One thing that I love in the film - and one of the reasons why they gave us the award - is that we brought this film from Israel that is not about the conflict.

It is about the differences between Arabs and Israelis without saying a word about politics, just by focusing on the simple story of a father who wants to save his son. And the dolphins don't care whether he's Arab, Jewish or Christian, rich or poor. For me personally, it was amazing. I became a friend of a family in a village in which I had never entered before.

What motivated you to apply to Greenhouse?

My motivation to join the programme was mainly because of the quality offered, but the fact that I was able to talk with people from Tunisia, Algeria, Morocco, Jordan, Palestine helped a lot. For me, to see the other side and build bridges between people is what matters the most.

What do you think about the current situation in Israel?

Yesterday, I met four people from Iran, and we had an amazing conversation. To think that my government is against their government and vice-versa… Who is going to pay the price in the end? It's going to be me and my daughters. But when we meet face to face in Brussels, we have no problem and we can speak about everything and I'm sure we could even found a solution.

From each side, film directors have no understanding or compassion for the troubles of the other side. I really liked the film that won the festival [Palestinian director Mehdi Fleifel's A World Not Ours]. It shows the real issue of this very small piece of land. The problem is that there are two groups of people who are refugees - Jews are refugees and Palestinian are refugees - and they both want to live in the same place.
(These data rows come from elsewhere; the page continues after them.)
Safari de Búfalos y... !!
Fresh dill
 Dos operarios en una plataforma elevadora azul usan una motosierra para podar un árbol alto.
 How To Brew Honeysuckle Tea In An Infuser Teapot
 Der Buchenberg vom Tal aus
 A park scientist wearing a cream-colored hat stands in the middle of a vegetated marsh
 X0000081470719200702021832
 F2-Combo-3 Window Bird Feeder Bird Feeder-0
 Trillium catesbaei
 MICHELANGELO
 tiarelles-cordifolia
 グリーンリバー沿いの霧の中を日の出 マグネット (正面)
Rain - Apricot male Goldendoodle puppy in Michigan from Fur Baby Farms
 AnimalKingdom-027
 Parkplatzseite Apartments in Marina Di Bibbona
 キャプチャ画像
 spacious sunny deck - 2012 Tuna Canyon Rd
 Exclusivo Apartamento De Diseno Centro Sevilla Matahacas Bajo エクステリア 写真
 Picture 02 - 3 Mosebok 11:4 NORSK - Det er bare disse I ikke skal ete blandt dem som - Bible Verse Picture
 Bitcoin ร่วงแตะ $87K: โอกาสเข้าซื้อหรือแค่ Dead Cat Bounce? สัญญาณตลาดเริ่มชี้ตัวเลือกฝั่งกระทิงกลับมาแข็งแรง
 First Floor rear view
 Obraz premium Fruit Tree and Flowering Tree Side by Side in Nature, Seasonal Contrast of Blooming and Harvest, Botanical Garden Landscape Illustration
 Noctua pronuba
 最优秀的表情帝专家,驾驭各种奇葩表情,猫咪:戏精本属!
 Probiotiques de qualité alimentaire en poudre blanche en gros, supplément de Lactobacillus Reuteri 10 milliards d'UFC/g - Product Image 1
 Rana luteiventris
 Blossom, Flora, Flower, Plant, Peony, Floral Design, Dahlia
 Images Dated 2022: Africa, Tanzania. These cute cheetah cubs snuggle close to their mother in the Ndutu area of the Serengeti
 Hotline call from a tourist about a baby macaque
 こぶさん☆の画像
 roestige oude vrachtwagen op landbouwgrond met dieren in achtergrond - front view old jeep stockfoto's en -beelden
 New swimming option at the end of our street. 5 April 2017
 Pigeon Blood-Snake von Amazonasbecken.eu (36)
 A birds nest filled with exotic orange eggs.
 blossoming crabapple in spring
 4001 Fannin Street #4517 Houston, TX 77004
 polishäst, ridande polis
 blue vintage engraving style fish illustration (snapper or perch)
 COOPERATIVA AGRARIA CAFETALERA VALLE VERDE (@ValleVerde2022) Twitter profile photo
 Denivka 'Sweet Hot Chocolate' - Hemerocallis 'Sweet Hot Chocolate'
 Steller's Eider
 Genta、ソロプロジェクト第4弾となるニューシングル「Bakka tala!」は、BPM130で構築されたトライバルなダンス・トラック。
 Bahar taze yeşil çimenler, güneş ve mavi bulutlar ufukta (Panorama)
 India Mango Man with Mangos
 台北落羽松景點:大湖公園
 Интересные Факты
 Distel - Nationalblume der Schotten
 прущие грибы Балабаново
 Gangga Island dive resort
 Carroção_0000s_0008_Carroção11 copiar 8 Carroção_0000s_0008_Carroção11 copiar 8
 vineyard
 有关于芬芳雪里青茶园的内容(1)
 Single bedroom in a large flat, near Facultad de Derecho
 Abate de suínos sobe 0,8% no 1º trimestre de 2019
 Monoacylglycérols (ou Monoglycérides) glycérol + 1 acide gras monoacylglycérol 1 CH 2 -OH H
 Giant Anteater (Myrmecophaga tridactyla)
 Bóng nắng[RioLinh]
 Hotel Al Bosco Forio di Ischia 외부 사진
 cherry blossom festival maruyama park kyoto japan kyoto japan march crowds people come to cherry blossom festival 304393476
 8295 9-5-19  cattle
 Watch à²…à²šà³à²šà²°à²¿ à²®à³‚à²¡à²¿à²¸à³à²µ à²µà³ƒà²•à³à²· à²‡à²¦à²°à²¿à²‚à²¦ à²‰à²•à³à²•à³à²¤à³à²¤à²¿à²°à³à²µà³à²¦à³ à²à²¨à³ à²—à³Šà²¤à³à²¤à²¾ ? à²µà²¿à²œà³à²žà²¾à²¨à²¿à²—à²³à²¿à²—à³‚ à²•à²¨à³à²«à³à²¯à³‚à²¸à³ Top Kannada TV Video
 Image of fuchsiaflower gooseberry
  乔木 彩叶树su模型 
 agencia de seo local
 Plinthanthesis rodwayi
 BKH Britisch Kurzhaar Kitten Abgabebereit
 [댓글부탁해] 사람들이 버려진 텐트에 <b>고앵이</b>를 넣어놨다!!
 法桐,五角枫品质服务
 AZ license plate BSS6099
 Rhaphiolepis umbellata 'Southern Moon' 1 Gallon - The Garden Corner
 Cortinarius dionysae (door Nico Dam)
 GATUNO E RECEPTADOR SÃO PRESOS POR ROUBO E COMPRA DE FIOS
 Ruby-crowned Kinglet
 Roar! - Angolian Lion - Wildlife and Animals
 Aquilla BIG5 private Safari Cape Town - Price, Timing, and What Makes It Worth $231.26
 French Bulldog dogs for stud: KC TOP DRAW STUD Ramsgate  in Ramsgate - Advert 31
In the end, I think that the answer is in communication between simple people. This is what can build the trust needed in order to find a solution. It can start from politicians, filmmakers, people that meet at festivals [and] put their vision together. Once you've changed your own perception then you start changing the world around you.

Is your next project going to be about Israeli politics or religion?

I'm actually working on a project in Mexico on La Malinche - and other projects too but this one is at a more advanced stage. La Malinche was an Indian slave who was offered to Hernán Cortés when he arrived in Mexico. She became his interpreter, lover and the mother of the first Mexicans. She advised him without knowing that it would change the world. There is a researcher who is trying to put together the story of her life.

He just found out that somewhere in the middle of Mexico there is a woman - a shaman who lives in a small village near a volcano - and she is believed to be the reincarnation of La Malinche. We followed that researcher and made a 1,500 km trip to that village to shoot the film.

We already have [received] good feedback from the filmmakers and distributors. For me as a filmmaker it is really hard to deal with the problems that we have inside of Israel, so I'm making films about the troubles of other people!

Maybe one day I'll be able to deal with the problems in my country, but at the moment there is something very hopeless in the situation in Israel. But I believe that we can change people's mind with a small story like Dolphin Boy where Jews and Arabs work together to save somebody.

And the film goes on, there are 20 to 50 different broadcasters worldwide, there are probably two million people who have already watched it. And it's going to be released in the US and in Australia... These people see other stories and they change their perception.

My Greenhouse teacher, Nenad Puhavski, told me something that I really liked: "Every filmmaker needs to defend a cause, something that will make them feel that they are making films to make the world a better place."